If your blog is in serious trouble, ask yourself this question:

Who is my reader and what sort of content do they want?

Captain Obvious Saves The Blog

For some, I'm sure this sounds like something Captain Obvious would say after rescuing a website teetering on the edge of a cliff .With his cape flapping in the wind, he places the website back on solid ground, smiles and says, "You must create content with your audience in mind."

Wow. Thanks.

Here's something Captain Obvious wont tell you: this may sound harsh, but just because your content creation won an award from your peers doesn't mean it succeeds in making sales (that is; serving your audience.)

Inexperience Or Ego

It happens to new bloggers. Early on, a new bloggers content schedule (if they even have a schedule) resembles gunshots in the dark. Just shoot it out there and hope it will hit something (like a reader.)

Also, new bloggers often simply don't have enough experience to know the importance of having a clear, detailed picture of their audience.

It can happen to professional marketers and bloggers as well. Pure creativity can take over and produce content or a campaign that's technically brilliant, but doesn't connect with the audience, because like Captain Obvious always says before he flies off to help his next blog, That brilliant idea didn't have the target audience in mind.

Thanks, Captain Obvious.

Introducing Personas

A persona is an archetypal figure that represents the traits and behaviours of a large body of people.
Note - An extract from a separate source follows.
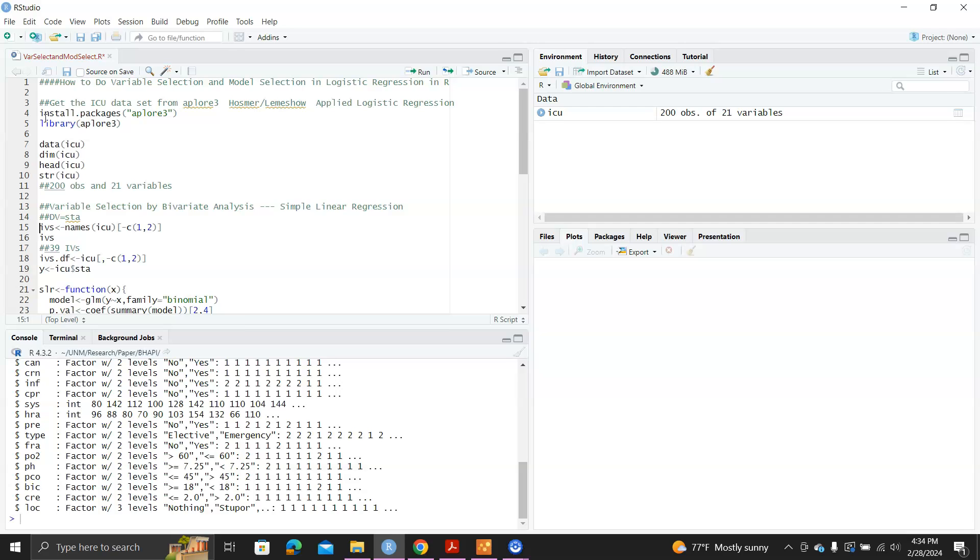So how do we do variable selection? In Hosmer Lemeshow's book, they outline the procedure. What we basically do is we fit one simple logistic regression model for the dependent variable against each and every independent variable. And then we grab the p-value. And we will only keep those independent variables with p-value less than 0.15.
A persona is not a single individual. an archetypal
that represents
the traits and
behaviours of
a large body
of people
You may need to create several different personas to get a handle on your complete target audience.

For example, one of the personas for my online business is a woman named Gwen. She is approximately 57 years old. Gwen is not technically computer savvy, but she wants to create a website to help people. Gwen desires to create content for her new blog that covers the topics of health and wellness or relationship issues. Gwen wants her blog to generate income, but doesn't know how to go about doing that. There's much more detail to my Gwen but this is the quick overview.

Gwen is one of a small group of personas I visualize and think about whenever I create and present content to my audience. I ask myself, "What would Gwen want?"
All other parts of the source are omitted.